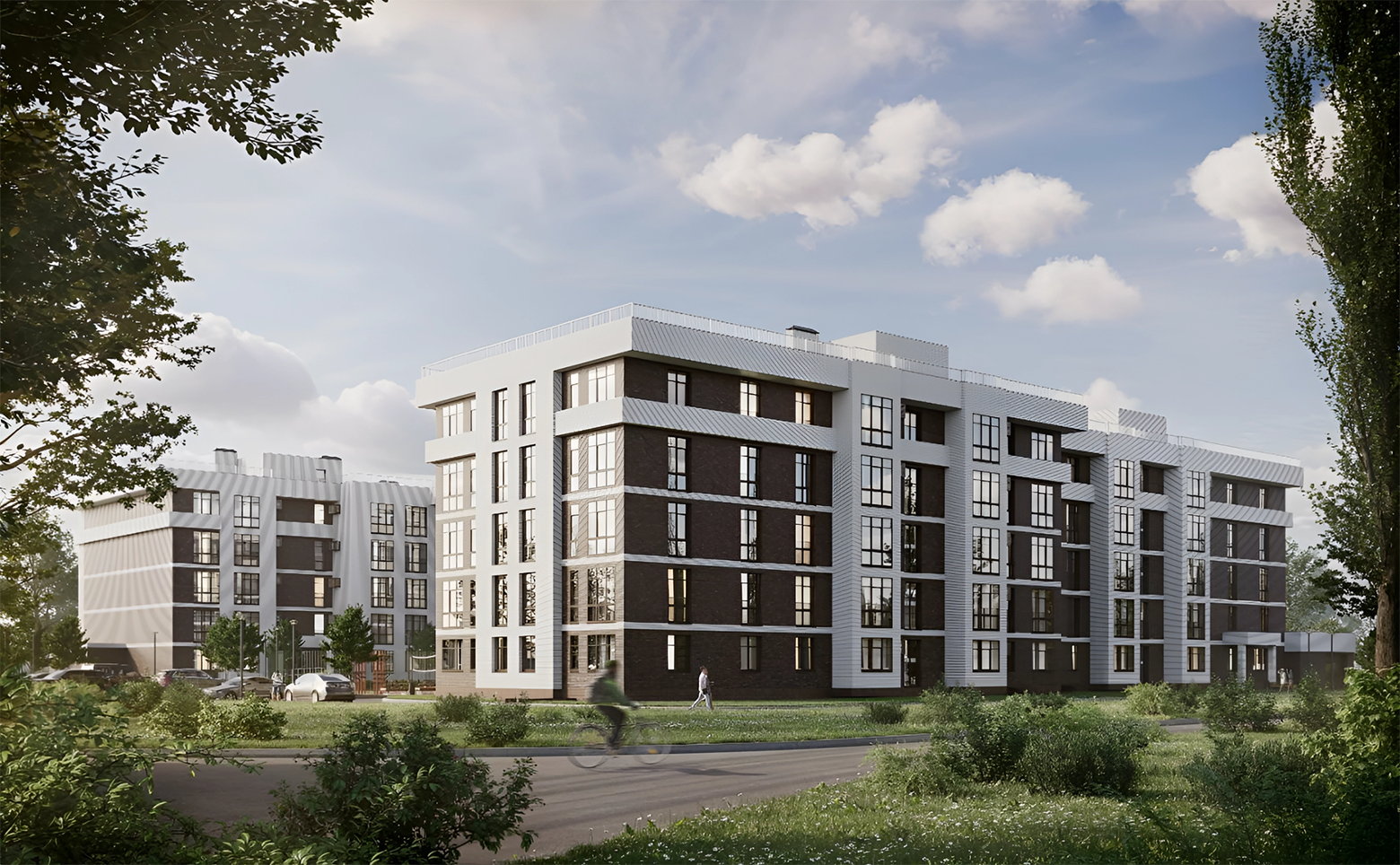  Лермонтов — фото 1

==

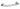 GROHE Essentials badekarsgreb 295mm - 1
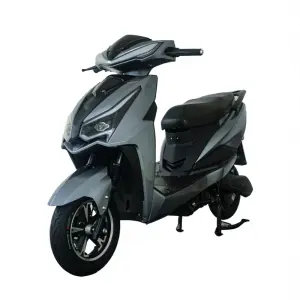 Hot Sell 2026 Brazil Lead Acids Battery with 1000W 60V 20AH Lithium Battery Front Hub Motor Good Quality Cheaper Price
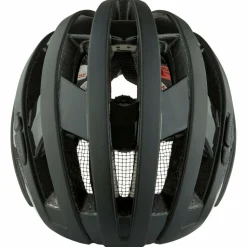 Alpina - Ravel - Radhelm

* * *

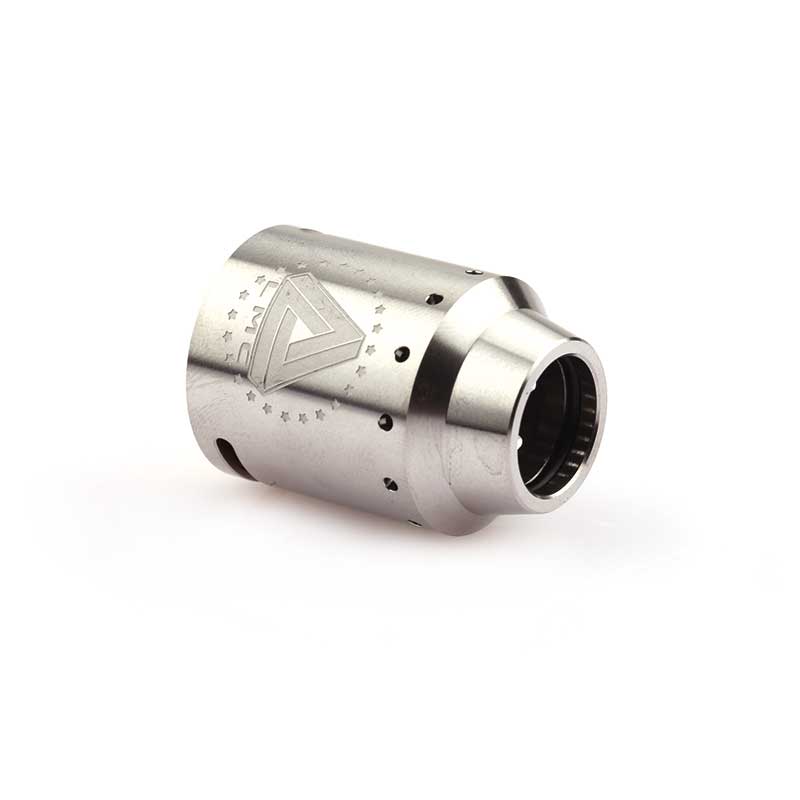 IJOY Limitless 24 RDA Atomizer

§ Directions
Could you repeat, exactly, only the lines above starting at the one that has "GROHE Essentials badekarsgreb 295mm - 1" and stopping after the one that has "Alpina - Ravel - Radhelm", without the pictures?

§ Expected answer
 GROHE Essentials badekarsgreb 295mm - 1
 Hot Sell 2026 Brazil Lead Acids Battery with 1000W 60V 20AH Lithium Battery Front Hub Motor Good Quality Cheaper Price
 Alpina - Ravel - Radhelm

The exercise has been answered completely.